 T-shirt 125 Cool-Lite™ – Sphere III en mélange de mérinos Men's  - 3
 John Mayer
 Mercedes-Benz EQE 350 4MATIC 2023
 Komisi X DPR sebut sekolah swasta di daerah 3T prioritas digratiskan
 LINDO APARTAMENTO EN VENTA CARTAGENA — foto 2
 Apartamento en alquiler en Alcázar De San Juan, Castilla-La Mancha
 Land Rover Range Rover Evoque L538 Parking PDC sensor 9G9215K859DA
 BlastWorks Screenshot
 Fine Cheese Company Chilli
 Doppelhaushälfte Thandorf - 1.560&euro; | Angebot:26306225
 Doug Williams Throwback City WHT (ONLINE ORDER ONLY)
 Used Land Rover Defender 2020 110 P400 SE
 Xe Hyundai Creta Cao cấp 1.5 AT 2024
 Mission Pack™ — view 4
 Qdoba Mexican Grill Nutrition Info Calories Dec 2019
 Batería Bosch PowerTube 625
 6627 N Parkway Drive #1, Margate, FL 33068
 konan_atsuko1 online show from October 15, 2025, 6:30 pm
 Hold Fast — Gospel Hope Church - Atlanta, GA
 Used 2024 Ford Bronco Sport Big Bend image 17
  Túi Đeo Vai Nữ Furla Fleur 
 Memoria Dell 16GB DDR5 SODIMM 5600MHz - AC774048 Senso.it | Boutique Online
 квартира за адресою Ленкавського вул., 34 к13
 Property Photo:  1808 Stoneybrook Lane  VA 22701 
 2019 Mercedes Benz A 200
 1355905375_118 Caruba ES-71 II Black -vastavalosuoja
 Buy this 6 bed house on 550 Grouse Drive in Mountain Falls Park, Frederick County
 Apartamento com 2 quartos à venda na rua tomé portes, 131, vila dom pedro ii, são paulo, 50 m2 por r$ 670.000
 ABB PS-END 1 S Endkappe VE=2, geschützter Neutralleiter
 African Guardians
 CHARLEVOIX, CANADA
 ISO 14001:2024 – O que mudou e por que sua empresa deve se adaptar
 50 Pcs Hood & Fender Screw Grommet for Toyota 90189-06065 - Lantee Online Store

- [What is being asked] The lines above that hold the word "Mercedes" need counting; write the count and nothing more.

- [Result below] 2